With that said, while I have Alexa speakers, it appears that there is no easy way to stream a Roon core’s files to them. Unless that is not true? Thus, I was thinking of obtaining Google Nest mini’s for that purpose.
Does Roon “play nice” with Google mini’s in a multi-room configuration? Using an Android phone as a remote, it would seem like Roon would just “find” the mini’s when they are on-line and I would be good to go.
How’s my plan? Might I be missing some logic, or a step or two?
You can have as many Roon cores as you want with only one license, but can only activate one at a time. However, you should be able to play music to multi-room locations from your current Roon core. You don’t really need a second core unless there is some reason you want to shut down your existing core.
You can control the Roon core from anywhere is your house that has WIFI access to your router using phone, tablet, or computer.
Do you intend buying a second licence? Otherwise, you’ll need to constantly authorize / deauthorize every time you switch cores. For your scenario, that doesn’t seem practical. Two licences will enable you to run them simultaneously on the same network with their library and database.
Roon does not work with Alexa devices, but will work with Google Minis (Chromecast). There are some limitations grouping non-RAAT audio zones. IIRC, you need to group these in the Google Home app first, but hopefully a Chromecast user can confirm this.

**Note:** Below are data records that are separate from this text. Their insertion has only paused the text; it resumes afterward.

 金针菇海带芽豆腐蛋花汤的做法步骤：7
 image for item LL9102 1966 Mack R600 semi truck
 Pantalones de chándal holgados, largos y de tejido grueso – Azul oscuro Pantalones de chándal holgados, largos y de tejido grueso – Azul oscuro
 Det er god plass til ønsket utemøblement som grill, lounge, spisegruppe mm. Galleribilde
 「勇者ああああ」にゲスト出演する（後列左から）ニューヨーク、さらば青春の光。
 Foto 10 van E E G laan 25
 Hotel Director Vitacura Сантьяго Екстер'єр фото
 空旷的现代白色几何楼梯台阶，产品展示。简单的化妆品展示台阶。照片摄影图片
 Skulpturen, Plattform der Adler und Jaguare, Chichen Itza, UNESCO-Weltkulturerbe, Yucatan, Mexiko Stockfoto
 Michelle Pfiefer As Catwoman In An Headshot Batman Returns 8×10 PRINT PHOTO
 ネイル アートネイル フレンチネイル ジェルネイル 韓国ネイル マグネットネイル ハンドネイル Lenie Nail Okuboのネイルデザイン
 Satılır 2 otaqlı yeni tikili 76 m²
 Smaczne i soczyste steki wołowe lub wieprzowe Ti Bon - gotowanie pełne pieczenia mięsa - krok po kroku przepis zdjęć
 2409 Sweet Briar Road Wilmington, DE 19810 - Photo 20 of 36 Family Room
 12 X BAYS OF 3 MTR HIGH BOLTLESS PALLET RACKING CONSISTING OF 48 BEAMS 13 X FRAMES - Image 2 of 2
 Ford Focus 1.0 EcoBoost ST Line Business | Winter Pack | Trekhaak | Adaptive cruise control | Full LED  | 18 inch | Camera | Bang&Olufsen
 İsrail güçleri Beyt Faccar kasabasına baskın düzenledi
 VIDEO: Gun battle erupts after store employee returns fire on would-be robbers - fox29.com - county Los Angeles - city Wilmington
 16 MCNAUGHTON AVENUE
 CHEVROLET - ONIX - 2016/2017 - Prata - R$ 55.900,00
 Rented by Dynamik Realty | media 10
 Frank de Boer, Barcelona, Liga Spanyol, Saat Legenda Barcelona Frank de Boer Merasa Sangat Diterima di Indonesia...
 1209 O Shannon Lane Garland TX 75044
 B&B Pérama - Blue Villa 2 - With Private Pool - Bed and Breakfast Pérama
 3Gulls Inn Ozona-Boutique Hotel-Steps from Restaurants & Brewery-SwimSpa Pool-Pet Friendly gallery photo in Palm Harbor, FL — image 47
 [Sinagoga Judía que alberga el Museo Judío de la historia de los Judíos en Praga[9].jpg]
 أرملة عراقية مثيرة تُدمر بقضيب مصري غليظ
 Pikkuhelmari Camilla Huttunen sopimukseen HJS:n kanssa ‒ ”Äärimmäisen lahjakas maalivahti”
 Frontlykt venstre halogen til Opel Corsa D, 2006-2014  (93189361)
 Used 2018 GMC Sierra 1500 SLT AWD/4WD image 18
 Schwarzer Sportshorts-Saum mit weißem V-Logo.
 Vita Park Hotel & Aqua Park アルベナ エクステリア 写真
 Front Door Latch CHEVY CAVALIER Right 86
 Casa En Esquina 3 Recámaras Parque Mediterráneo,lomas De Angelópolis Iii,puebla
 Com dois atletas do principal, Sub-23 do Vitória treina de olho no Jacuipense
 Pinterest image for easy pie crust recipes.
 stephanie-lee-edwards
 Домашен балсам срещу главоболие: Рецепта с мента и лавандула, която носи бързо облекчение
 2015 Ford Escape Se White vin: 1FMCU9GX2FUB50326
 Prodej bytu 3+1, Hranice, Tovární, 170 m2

FYI I created Google Cast Groups on the Google Home app. Roon sees these groups.
But I’d imagine you could also create endpoint groups (or whatever they’re called) in Roon.
Roon sees my Google Cast Groups as well as the individual speakers (as separate endpoints)
*. It not only serves music to the big rig in 2-channel room in the basement, but it serves video to the 85" TV it is adjacent to. It never runs when the big rig (38-tube monoblocks and 8’hx3’w speakers) isn’t running and rarely runs for video, and it would never be necessary for multi-room background music.
Thanks Placebophile (BTW, good moniker), it’s good to hear that “Roon plays nice with Google Minis in multi room.”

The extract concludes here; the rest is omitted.